Dimensions
159 x 241 x 40mm
The power and prestige of music in the modern world has given its practitioners extraordinary wealth and moral authority. This is taken for granted now and yet for much of Europe's history musicians have been mere servants. The rise of music and musicians in the West is the subject of Tim Blanning's fascinating new book, from poorly-paid balladeers to music-masters employed by fickle patrons, to the great composers of genius, to today's rock stars. How, he asks, did music progress from subordinate status to its present position of supremacy among the creative arts? Mozart was booted out of the service of the Archbishop of Salzburg 'with a kick to my arse', as he expressed it. Yet, less than a hundred years later, Europe's most powerful ruler - Emperor William I of Germany - paid homage to Wagner by travelling to Bayreuth to attend the debut of The Ring. Today Bono, who was touted as the next president of the World Bank in 2006, travels the world advising politicians - and they have to seem to listen.
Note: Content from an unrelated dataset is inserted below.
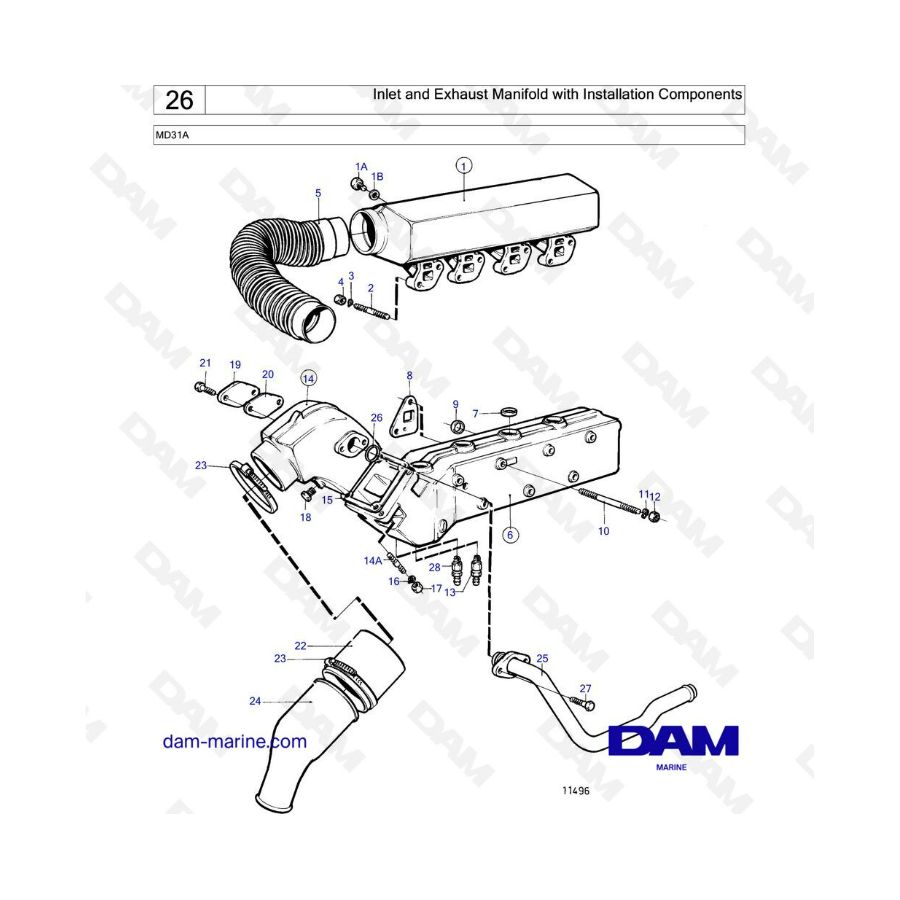 Volvo Penta MD31 - Colector de admisión y escape con componentes de instalación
The path to fame and independence began when new instruments allowed musicians to showcase their creativity, and music publishing allowed masterworks to be performed widely in concert halls erected to accommodate growing public interest. No longer merely an instrument to celebrate the greater glory of a reigning sovereign or Supreme Being, music was, by the nineteenth century, to be worshipped in its own right. In the twentieth century, new technological, social, and spatial forces combined to make music ever more popular and ubiquitous.
In a concluding chapter, Blanning considers music's alliances with nationalism, race and sex. Although not always in step, music, society, and politics, he shows, march in the same direction.